What brought you to activism and these protests?

I am a Russian-Bulgarian citizen, because my father is Bulgarian and my mother is Russian. I lived in Bulgaria until I was about five years old and then moved to Russia, where I lived until a few years ago. From around the age of 12 I became interested in politics and started asking questions. I took part in my first protest in Russia at age 17 and participated in campaigns for independent parliamentary candidates. When Russia invaded Ukraine in February 2022, my life changed drastically. On the first day I took part in a protest that turned out to be my last. I immediately started receiving threats, and on the same day I received a draft notice from the military registration office. I decided to leave.

Bulgaria was one of the first countries to suspend flights from Russia. But my brother, who was doing an internship at the Bulgarian Ministry of Foreign Affairs, told me a humanitarian flight was being organised to evacuate Bulgarian citizens. I managed to sign up and flew to Sofia. I started a new life in Bulgaria, remembering the language and meeting new people.

When I arrived, I found so many people had been exposed to Russian propaganda. I had to explain over and over what the real situation in Russia was. For two and a half years I worked at the Bulgarian Red Cross helping Ukrainian refugees. I enrolled at Sofia University and gradually reintegrated into my home country.

When the protests broke out, I was in Germany and saw the photos and videos of young people taking to the streets. I thought the time had finally come to do something. What triggered the protests was a government budget that included tax increases but no institutional reforms. People may struggle to understand complex political issues, but when the government takes money from them, they understand.

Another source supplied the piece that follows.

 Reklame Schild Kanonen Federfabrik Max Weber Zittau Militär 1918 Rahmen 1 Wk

Very quickly, the protest went beyond the trigger issue and turned into a protest not just against the government, but against a whole system of corrupt governance and state capture.

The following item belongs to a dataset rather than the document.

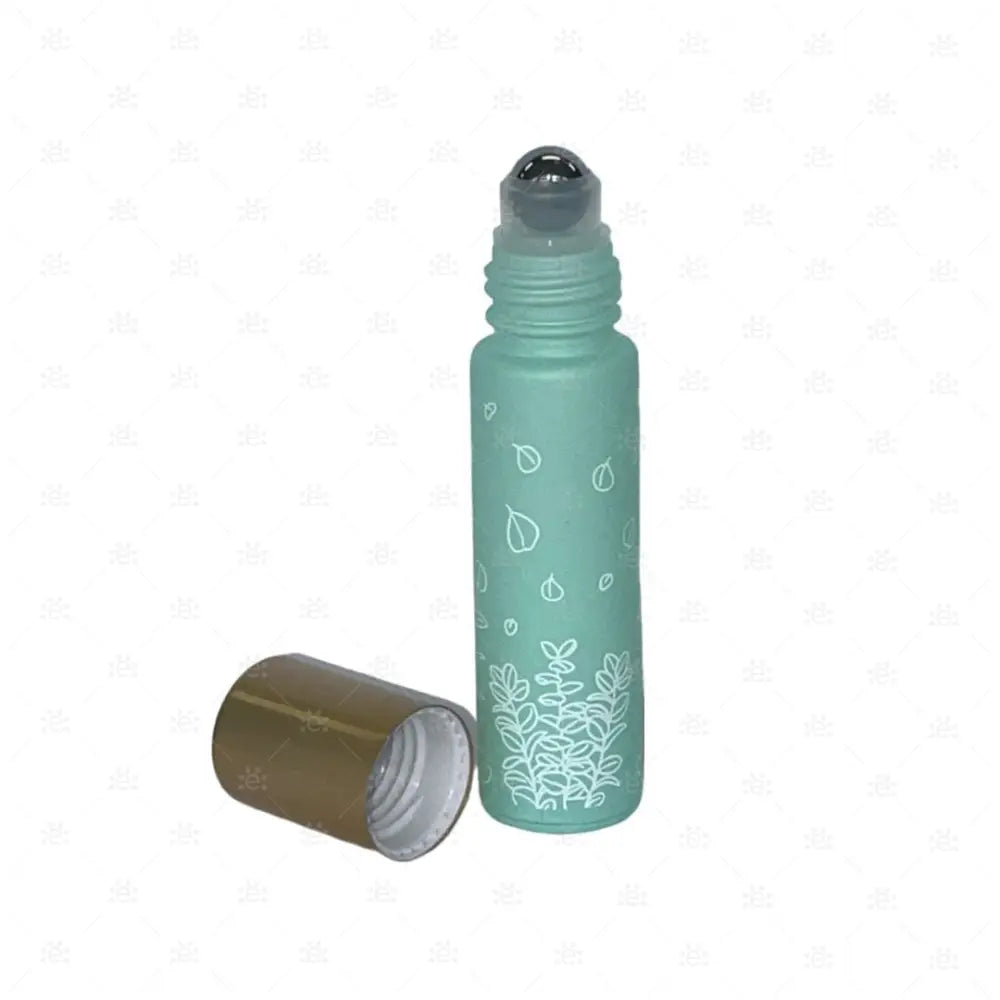 10Ml Matter Roller Mint Bedruckt Mit Goldenem Metall Deckel & Stahlkugeleinsatz Einzel Glass Bottle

At that moment, I realised students were the driving force, and started an informal group called Students Against the Mafia. We told major media about it and began preparing our first action. We attached a three-by-four metre banner reading ‘Students Against the Mafia’ to the balcony of Sofia University’s rector’s office while an international conference was being held inside. We held a student march and joined the big protest.

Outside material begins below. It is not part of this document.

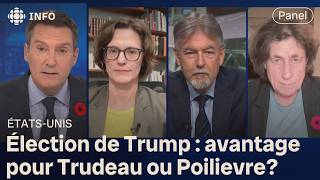 Panel politique  un appel « chaleureux » entre Justin Trudeau et Donald Trump [upl. by Peih]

What’s the current level of trust in institutions?

Bulgarians, including young people, are very disappointed by the actions of those in power. Bulgaria is a parliamentary democracy and people had a lot of expectations when it joined the European Union (EU) but have since become increasingly disappointed. Trust in state institutions is overall very low, and so is trust in civil society organisations and other parts of society. This is dangerous, because it may mean a loss of trust in democracy.

People don’t really understand the difference between government and civil society. They think NGOs are organisations created by the government to control society or financed by foreign states to lobby for their own interests. There is very little critical thinking. People don’t fact-check information and instead absorb propaganda and dangerous narratives.

My personal goal is to try to bring back trust in civil society, showing that civil society groups are instruments of people power. That’s why we show our faces, our goals and our actions.

Who took part in the protests?

Very different parts of Bulgarian society protested, and with very different ideas. There were pro-European people, Eurosceptics and people who had never been interested in politics before. What united them was that they were tired of the injustice of a system in which you can’t change anything for the better because power is captured by a small elite.

Politics is a revolving door: Boyko Borissov, the prime minister at the time, was prime minister three times, and his party was in power for over a decade. Delyan Peevski, leader of the Movement for Rights and Freedoms, was sanctioned under the US Magnitsky Act for corruption in a controversial scandal, representing a merger between political power, media influence, institutional dependence and impunity. The same group of politicians captured the government, parliament and the most important institution, the courts. This meant that change wasn’t going to come from institutions.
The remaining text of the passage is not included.